On a demandé au Premier ministre s’il contesterait légalement tout projet de Nicola Sturgeon de tenir un vote consultatif pour l’indépendance si le SNP remportait la majorité aux élections de mai à Holyrood.

Il a répondu: “L’ensemble du Royaume-Uni traverse une pandémie, je pense que ce que les Britanniques veulent voir, c’est que tout le monde se concentre sur la lutte contre cette pandémie, ce que nous sommes, le déploiement du vaccin et se prépare à rebondir après cette pandémie. et avoir la reprise économique la plus forte possible.

«Je pense que les gens peuvent également voir partout au Royaume-Uni les avantages visibles de notre merveilleuse union.

«Un programme de vaccination qui est déployé par un service national de santé, un vaccin qui a été développé dans des laboratoires à Oxford et est administré par l’armée britannique, donc je pense que les forces et les avantages de l’Union parlent d’eux-mêmes.

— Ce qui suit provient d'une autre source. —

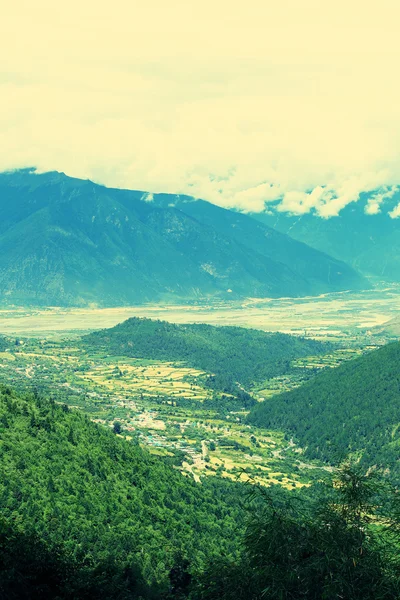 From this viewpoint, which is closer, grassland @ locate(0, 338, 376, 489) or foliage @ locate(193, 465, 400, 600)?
foliage @ locate(193, 465, 400, 600)

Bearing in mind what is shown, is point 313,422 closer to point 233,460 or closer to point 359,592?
point 233,460

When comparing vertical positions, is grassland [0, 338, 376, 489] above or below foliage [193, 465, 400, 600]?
below

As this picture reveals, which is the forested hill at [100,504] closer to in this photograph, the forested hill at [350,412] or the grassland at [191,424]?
the grassland at [191,424]

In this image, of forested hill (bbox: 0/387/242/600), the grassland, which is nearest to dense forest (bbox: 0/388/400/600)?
forested hill (bbox: 0/387/242/600)

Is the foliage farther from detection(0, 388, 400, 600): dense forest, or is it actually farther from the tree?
the tree

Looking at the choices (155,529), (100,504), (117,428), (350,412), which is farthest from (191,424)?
(100,504)

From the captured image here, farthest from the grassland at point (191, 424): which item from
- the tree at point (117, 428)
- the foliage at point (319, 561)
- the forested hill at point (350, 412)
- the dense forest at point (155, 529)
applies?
the foliage at point (319, 561)
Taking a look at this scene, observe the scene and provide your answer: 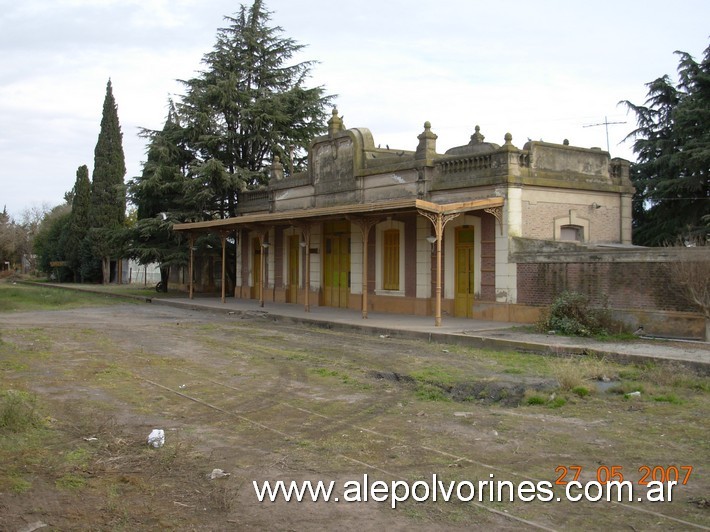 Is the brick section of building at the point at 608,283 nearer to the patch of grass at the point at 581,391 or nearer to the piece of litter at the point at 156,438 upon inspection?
the patch of grass at the point at 581,391

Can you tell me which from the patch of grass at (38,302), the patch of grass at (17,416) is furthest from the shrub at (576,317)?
the patch of grass at (38,302)

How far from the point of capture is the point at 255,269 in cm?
2967

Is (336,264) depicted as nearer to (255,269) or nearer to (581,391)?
(255,269)

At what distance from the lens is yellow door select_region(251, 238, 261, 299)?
29.4 metres

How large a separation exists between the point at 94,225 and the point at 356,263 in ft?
97.5

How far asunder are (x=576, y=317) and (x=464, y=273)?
4.58 metres

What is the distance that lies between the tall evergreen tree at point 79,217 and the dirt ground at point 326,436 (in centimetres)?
3814

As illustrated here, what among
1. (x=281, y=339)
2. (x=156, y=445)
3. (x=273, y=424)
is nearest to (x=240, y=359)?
(x=281, y=339)

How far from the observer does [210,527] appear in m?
4.56

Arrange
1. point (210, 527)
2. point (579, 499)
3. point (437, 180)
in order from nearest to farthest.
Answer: point (210, 527), point (579, 499), point (437, 180)

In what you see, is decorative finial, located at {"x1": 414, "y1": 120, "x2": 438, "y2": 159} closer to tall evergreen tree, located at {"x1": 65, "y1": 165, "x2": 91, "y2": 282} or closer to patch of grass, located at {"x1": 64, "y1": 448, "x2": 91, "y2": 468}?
patch of grass, located at {"x1": 64, "y1": 448, "x2": 91, "y2": 468}

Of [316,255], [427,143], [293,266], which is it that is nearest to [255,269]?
[293,266]

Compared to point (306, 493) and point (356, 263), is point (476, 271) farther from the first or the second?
point (306, 493)

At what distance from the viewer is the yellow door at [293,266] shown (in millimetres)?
26828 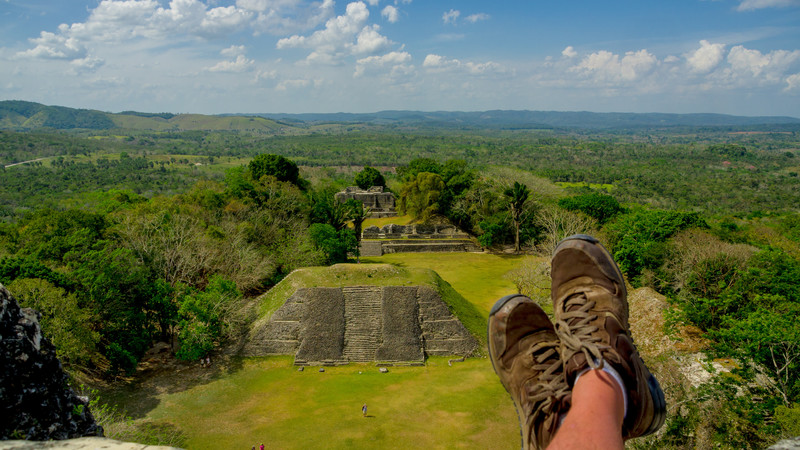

Pendant ce temps, Gordon Brown a déclaré qu’il était convaincu que l’Écosse fera toujours partie du Royaume-Uni dans une décennie, mais a averti M. Johnson de ne pas «se battre» avec les régions.

L’ancien Premier ministre a déclaré que les inégalités entre les régions doivent être corrigées car les habitants des zones périphériques se sentent traités comme des «citoyens de seconde zone».

Cela vient après que des sondages d’opinion des quatre nations, publiés par le Sunday Times, ont révélé qu’une majorité d’électeurs pensent que l’Écosse est susceptible d’être indépendante dans les 10 prochaines années.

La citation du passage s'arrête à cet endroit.